“Kate Crawford" A Short Story by John Lang-from Botany Bay-True Tales of Early Australia -1859
"Kate Crawford" by John Lang (1859, 10 pages)
John Lang (1816 to 1864) is Australia's first native born novelist with Two Clever by Half (1859). Lang was born in Sydney in New South Wales, Australia. His father was English and his mother was native born. He attended Sydney College and while there produced a well respected translation of Horace's The First Satire. After leaving Sydney College he went to England to attend Cambridge but was expelled for writing an article considered inappropriate (all I can find on this). After Cambridge he studied law at The Middle Temple in London. He returned to Sydney after being admitted to the bar and married well. In 1842 he and his wife moved to Calcutta, India. He founded a very influential newspaper while there and later returned to England where he produced a good quantity of literary works, some of which were published in Charles Dickens's Household Words.

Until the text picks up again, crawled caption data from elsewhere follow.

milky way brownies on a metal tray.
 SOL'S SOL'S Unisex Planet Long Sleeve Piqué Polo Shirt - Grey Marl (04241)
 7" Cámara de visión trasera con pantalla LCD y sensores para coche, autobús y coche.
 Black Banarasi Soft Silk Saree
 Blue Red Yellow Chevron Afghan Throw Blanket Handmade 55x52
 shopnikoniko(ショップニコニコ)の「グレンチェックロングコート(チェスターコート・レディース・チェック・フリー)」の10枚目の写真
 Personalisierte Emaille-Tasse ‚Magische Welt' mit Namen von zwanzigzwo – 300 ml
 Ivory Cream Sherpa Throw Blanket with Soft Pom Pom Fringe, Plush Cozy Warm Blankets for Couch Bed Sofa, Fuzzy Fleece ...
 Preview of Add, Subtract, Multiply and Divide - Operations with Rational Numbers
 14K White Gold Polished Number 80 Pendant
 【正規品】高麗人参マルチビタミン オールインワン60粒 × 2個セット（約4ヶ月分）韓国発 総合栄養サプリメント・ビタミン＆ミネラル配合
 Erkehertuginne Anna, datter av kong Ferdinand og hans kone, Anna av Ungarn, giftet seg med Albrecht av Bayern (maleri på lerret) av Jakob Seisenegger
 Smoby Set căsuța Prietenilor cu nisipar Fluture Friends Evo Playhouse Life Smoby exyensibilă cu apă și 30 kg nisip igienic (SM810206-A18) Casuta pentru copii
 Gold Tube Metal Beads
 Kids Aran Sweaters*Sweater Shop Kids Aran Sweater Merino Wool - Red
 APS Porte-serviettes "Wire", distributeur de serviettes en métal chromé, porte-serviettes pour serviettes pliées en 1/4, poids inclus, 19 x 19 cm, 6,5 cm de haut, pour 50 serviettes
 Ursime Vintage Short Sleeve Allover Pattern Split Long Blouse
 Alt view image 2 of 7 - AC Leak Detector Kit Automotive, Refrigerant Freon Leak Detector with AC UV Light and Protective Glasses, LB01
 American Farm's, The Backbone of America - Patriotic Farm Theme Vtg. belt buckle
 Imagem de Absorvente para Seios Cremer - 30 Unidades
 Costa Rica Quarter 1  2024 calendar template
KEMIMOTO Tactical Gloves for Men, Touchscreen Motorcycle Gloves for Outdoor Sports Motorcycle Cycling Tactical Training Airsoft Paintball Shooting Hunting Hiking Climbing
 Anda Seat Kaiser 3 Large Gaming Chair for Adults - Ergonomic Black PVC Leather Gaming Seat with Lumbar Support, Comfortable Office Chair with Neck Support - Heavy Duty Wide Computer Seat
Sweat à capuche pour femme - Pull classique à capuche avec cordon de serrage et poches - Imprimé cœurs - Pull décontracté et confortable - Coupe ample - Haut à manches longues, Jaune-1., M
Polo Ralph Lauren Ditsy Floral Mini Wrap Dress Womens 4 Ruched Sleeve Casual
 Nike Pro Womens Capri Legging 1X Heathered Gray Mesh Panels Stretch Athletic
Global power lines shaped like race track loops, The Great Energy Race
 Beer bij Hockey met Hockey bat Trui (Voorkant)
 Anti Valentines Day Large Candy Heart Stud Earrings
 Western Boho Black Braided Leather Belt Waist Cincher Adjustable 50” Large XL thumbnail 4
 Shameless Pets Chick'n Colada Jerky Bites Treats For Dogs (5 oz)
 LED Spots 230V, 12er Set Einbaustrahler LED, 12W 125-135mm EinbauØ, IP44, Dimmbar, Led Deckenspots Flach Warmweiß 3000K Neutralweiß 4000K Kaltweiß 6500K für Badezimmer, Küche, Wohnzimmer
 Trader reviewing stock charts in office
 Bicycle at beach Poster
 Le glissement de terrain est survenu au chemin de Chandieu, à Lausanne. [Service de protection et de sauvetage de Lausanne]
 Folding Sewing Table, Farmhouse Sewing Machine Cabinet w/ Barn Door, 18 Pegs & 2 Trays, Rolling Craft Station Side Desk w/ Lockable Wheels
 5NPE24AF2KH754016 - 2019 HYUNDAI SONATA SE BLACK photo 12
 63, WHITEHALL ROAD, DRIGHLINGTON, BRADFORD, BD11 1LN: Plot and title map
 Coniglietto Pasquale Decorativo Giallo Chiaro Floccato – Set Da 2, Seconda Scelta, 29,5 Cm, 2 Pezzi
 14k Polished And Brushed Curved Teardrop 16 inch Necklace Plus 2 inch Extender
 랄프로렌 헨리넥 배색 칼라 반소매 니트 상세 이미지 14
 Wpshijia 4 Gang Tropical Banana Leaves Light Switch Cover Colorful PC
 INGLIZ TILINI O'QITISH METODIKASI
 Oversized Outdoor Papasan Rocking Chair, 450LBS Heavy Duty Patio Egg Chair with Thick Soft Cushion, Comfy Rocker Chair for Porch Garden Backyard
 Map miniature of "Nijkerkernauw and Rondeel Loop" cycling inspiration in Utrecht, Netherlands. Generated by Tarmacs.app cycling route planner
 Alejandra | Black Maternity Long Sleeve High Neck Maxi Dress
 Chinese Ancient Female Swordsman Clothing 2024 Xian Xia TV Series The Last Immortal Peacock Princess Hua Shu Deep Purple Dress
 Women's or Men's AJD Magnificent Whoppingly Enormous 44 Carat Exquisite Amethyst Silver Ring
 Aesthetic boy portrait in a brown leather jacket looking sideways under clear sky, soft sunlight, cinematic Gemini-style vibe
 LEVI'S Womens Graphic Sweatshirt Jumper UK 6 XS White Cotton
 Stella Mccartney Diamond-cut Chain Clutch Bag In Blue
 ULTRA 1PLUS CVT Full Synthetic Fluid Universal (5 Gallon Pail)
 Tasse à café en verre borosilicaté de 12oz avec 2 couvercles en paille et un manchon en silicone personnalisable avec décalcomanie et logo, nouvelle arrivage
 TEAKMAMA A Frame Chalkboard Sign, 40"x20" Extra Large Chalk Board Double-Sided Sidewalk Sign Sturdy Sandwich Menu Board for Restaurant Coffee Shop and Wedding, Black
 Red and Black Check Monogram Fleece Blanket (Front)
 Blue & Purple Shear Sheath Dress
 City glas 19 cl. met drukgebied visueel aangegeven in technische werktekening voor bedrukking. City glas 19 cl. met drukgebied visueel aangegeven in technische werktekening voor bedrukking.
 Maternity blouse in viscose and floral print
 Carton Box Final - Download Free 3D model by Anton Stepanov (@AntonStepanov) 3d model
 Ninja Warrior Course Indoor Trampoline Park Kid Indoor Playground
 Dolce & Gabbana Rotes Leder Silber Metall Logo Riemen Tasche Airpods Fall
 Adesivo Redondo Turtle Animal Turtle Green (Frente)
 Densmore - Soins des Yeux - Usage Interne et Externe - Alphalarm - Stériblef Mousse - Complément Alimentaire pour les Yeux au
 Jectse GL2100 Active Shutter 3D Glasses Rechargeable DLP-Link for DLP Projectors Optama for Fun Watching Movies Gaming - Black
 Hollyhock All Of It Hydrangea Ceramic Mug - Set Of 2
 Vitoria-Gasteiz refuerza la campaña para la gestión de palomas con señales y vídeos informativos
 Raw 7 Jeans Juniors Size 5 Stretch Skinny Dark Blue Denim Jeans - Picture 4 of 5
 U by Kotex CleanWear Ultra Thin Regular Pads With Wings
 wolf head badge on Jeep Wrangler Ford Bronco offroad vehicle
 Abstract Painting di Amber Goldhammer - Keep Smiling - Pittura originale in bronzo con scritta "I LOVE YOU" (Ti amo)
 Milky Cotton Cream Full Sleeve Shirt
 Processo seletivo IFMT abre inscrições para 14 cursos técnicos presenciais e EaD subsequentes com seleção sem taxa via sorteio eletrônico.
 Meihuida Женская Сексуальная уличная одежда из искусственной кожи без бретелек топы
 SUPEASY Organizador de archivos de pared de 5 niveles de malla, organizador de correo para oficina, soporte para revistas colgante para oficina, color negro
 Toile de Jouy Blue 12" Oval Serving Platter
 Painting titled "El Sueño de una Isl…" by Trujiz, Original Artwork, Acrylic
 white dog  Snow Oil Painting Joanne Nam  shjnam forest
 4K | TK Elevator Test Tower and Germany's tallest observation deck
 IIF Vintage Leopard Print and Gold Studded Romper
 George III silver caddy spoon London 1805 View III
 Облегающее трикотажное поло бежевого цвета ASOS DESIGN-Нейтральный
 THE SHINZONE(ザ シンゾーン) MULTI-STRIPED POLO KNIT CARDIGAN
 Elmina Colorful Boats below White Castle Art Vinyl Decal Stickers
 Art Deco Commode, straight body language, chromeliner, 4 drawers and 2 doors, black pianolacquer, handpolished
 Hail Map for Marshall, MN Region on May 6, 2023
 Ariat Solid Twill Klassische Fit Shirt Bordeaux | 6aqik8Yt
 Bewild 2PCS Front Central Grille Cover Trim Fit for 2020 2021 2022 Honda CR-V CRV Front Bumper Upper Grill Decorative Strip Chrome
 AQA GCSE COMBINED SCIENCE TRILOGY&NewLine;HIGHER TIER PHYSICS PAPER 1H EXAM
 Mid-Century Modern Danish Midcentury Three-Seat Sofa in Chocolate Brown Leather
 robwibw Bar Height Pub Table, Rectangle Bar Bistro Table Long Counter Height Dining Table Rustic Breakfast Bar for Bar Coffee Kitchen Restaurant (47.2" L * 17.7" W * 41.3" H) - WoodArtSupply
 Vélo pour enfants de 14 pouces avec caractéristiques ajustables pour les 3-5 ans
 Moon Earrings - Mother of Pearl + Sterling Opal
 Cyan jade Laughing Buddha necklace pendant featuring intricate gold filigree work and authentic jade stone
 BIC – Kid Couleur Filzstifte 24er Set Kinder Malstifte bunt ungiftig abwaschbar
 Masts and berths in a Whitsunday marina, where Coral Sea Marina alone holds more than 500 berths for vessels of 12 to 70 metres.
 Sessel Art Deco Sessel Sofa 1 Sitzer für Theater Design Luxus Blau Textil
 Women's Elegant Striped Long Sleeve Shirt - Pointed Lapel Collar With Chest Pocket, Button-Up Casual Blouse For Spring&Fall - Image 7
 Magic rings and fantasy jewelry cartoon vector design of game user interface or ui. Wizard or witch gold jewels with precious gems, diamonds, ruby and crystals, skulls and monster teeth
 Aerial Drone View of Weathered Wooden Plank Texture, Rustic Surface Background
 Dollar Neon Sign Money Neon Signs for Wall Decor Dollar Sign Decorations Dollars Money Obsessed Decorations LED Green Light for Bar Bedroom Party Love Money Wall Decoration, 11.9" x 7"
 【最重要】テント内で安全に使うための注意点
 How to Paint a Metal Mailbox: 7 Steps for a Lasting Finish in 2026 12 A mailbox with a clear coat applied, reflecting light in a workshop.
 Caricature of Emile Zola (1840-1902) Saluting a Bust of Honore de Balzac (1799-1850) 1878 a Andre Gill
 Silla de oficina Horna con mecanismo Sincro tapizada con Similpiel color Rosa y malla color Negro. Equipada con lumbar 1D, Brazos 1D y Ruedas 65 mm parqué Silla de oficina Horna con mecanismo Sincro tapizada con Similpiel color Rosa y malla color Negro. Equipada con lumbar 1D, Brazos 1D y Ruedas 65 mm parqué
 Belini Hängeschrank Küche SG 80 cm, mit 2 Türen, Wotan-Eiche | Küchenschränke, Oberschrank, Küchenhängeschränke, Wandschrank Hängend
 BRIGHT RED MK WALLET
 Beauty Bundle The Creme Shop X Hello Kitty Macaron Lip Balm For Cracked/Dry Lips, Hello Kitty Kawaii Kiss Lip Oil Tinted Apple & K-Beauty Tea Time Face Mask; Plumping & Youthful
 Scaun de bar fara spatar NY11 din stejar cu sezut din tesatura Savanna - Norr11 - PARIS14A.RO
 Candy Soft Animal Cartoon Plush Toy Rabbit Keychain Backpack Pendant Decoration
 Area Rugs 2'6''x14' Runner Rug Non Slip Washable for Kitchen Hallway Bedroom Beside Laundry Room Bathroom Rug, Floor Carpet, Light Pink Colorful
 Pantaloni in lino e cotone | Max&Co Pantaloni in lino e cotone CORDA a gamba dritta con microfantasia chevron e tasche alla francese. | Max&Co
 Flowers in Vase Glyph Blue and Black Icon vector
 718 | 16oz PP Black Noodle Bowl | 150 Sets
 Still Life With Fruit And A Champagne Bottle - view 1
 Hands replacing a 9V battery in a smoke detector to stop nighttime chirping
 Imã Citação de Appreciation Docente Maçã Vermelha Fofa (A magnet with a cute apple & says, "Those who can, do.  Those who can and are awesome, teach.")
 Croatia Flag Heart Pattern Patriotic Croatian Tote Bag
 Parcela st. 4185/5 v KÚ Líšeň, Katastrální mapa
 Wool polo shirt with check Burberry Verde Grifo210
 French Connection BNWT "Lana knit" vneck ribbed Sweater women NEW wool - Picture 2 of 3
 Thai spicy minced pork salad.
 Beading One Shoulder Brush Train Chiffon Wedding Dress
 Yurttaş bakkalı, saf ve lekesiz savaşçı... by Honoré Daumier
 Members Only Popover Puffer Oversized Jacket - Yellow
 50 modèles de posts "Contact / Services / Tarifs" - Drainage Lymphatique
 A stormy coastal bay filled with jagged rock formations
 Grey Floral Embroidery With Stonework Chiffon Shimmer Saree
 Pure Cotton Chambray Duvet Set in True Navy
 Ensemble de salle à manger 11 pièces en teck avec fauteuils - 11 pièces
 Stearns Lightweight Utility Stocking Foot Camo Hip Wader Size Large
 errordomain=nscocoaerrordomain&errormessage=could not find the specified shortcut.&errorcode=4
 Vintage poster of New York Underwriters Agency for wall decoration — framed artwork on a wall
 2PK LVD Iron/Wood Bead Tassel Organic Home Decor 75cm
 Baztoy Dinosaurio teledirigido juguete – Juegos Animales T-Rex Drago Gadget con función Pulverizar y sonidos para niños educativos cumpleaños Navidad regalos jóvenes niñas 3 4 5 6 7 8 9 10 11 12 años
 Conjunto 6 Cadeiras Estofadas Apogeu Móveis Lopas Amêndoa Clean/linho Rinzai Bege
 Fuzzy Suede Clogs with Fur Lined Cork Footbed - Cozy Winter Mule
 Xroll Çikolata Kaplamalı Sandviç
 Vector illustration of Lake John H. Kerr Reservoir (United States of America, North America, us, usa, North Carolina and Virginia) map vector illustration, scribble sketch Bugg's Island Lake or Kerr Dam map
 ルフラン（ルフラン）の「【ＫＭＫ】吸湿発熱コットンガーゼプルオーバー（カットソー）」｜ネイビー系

His only work of lasting fame (it is the only one found on Amazon) is Botany Bay; or, True Tales of Early Australia. This 1859 work is a collection of stories about the first convict colony in Australia. Women were in very short supply in the convict colonies and any transported woman was in great demand by Crown officers of the penal colony. "Kate Crawford" is a work of short fiction which reads like journalism. It is an exciting story of how Kate Crawford, a young English woman of 19 from a decent family got transported for 14 years for horse stealing, a hanging offense at the time. This part of the story is interesting enough but "Kate Crawford" gets much more exciting as we see how women were treated aboard the transport ships:
“What Kate's sufferings must have been, when she was conscious of what was passing around her, it would, indeed, be difficult to describe. She had not only to bear the companionship of the three hundred degraded wretches who were her fellow--passengers, but to withstand the unseemly attentions of the Navy surgeon, who had charge of the convicts, and who had become enamoured of her extreme beauty. The captain of the vessel, also, fell desperately in love with her, and on several occasions proposed to marry her, abandon the sea, and settle in the colony”
As a simple matter of fact, most of the women were from very impoverished backgrounds and many were prostitutes at one point in their lives. Kate is from a much higher social background than the average convict. Once Kate arrives at the colony we quickly are treated to a very well done and credible account of her rise to riches. In the process we learn a good bit about life in the early convict colonies.
As you can see from the passage I quoted, the story is written in a simple direct fashion. There are about ten other stories in the collection all of which can be read online at Project Gutenberg Australia. The best informational resource on John Lang seems to be the entry in the wonderful Australian Dictionary of Biography.
Anyone interested in learning more about Australian convict history really needs to read The Fatal Shore by Robert Hughes.